Credit Suisse's survey polled European executives, but other data sources reflect a similar decline in confidence among American business leaders. Organization for Economic Cooperation and Development data shows that U.S. business confidence has declined more or less steadily since October 2014. The Conference Board's CEO confidence survey fell sharply in both the third and fourth quarters of 2015, and more American chief executives now have a negative outlook than a positive one.

Are the concerns justified? The United States is in its seventh year of economic expansion, after all, and unemployment has shrunk to 4.9 percent. Credit Suisse's U.S. economists expect GDP growth to slow from 2.4 percent in both 2014 and 2015 to 2.1 percent in 2016 and 2.3 percent in 2017, but they do not foresee a recession in the next few years. In fact, they expect unemployment to shrink to 4.5 percent by the end of the year, which should nudge the Federal Reserve into resuming interest rate increases in the next six months.

Still, annual U.S. GDP growth fell to 1 percent in the fourth quarter - half the rate of the second quarter - driven by lower residential and corporate investment and softening exports. Export weakness continued in January, when the United States shipped fewer goods and services overseas than at any point since 2011. Among the potential reasons for the decline: the dollar was strengthening from 2014 until January 2016, and many emerging market trading partners have been struggling with the collapse in commodities prices. Nominal global growth is also quite weak, up just 2.3 percent in the fourth quarter of 2015 - less than half the 4.8 percent average pace in 2013 and 2014.

Consumer spending has been doing the heavy lifting for U.S. economic growth, while weakness is concentrated in the energy and mining industries. Business investment has fallen dramatically as oil prices have plummeted, and Credit Suisse expects it to remain weak for some time yet. The stronger dollar and weak growth have hurt U.S. corporates outside energy-related industries, too. While wages aren't rising significantly yet in the United States, the combination of wage pressure in an increasingly tight labor market and weak global growth could eventually put more of a squeeze on earnings.
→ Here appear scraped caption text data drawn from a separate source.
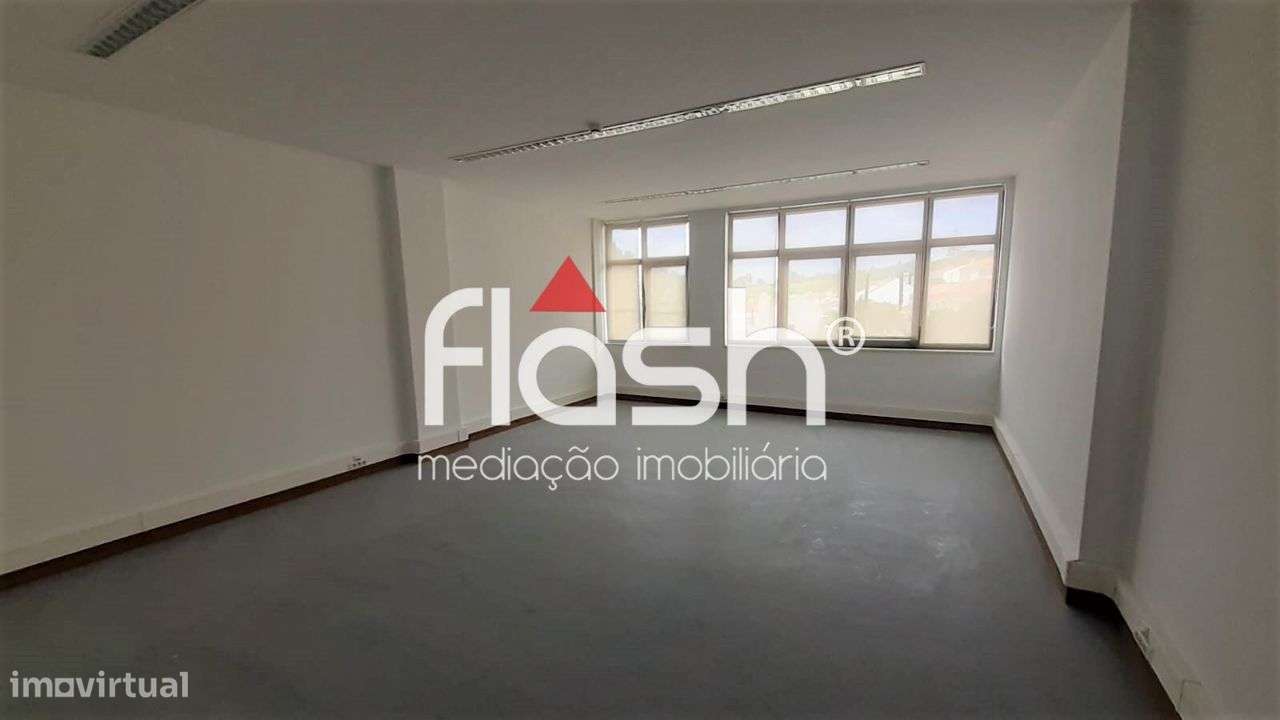 Venda de Espaço de loja/escritórios no Restelo-46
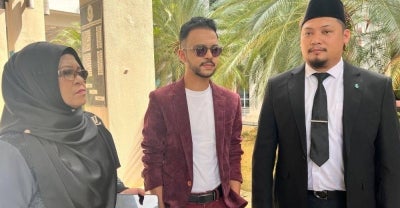 Along bersama ibu dan peguamnya pada prosiding terdahulu.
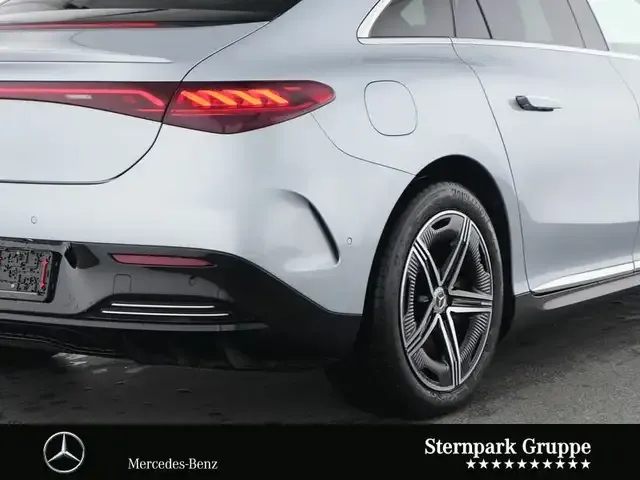 Mercedes-Benz EQE 300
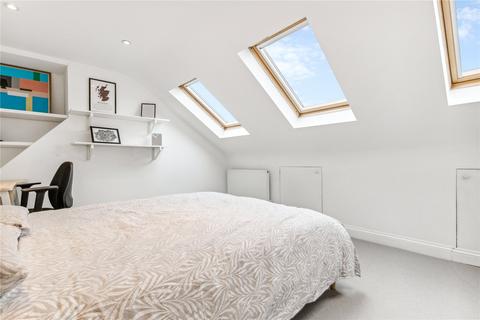 7 Winfrith Road, London, SW18 3BE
Still, strong household consumption should continue to buoy overall U.S. economic activity, and Credit Suisse expects oil prices to stabilize in the second half of this year. The bank's economists also expect global industrial production to trough in the next two months, though it is likely to remain below trend for some time yet. "The worst of the downside risks have passed," say Credit Suisse economists in a recent report, "even though the upside potential does not look compelling." A cautious, but overall positive view - it's just as the survey said.